第117話

 万が一のことが起こった時のために、と管理者仲間のユーノから渡されていたメダルを使って超空間ゲートを開いて、私は今の自分の居場所である『ワールド・ライブラリ』へと戻ってきた。


「……っ……!?」


 一足遅れて追う流れになった以上、ある程度の覚悟はしていた。それでも、一目でわかるほどに破壊された凄惨な光景を前にして思わず息をのむ。

 時間の概念がない『ワールド・ライブラリ』では、人間界におけるほんのわずかなタイムロスが数百倍、あるいは数千倍もの変化へとつながる。その、あまりにも「長い」遅れの間に巨大蜘蛛と化したブラックカーテンがどれだけ暴虐の限りを尽くしたのかは、本来なら清らかな水をたたえる周囲の泉が濁り、幾多の平行世界へのゲートとなる無数の水球たちが地に落ちて無残な姿をさらしている様子を見るだけでも容易に想像することができた。

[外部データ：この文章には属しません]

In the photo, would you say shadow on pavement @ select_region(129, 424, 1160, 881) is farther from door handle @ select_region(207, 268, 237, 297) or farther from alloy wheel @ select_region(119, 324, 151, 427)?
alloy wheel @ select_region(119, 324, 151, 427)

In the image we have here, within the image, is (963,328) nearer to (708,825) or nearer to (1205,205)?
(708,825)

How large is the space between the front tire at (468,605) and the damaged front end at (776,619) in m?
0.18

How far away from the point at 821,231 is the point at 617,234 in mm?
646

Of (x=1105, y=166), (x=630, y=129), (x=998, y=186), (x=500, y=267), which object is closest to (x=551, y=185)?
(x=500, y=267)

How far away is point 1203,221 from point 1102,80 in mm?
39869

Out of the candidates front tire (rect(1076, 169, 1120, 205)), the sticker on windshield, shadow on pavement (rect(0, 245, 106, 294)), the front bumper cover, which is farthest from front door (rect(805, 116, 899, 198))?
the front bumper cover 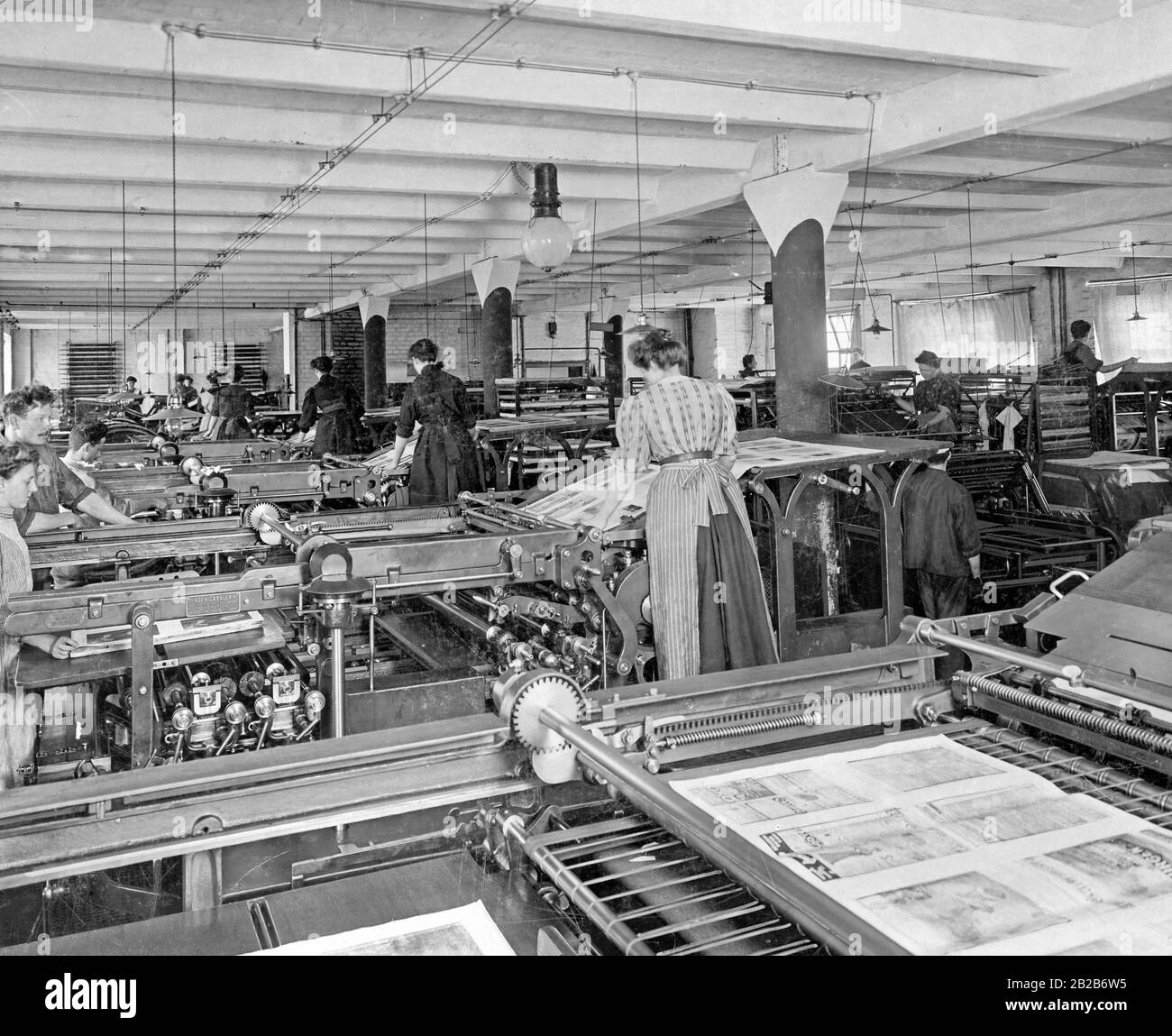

 せめてもの気休めがあるとすれば、この空間には自己修復能力が備わっているので再建自体はさほど困難ではないことくらいか。……とはいえ、崩壊寸前にまで追いやられた以前の状況からようやく立ち直りかけていたことを思い返すと、やはり多少の落胆を覚えずにはいられなかった。


「ユーノ……あの子は、どこに?」


 倒されて粉々になった柱と瓦礫まみれの床に視線を向けながら、私はここに残してきた「彼女」の存在を思い出して念を送り、何度も呼び掛ける。

 突然の襲撃であったとはいえ、侵入者の脅威を察知したユーノがそのまま看過するはずもない。それに、彼女の能力をもってすれば撃退は難しくとも、足止めくらいは――。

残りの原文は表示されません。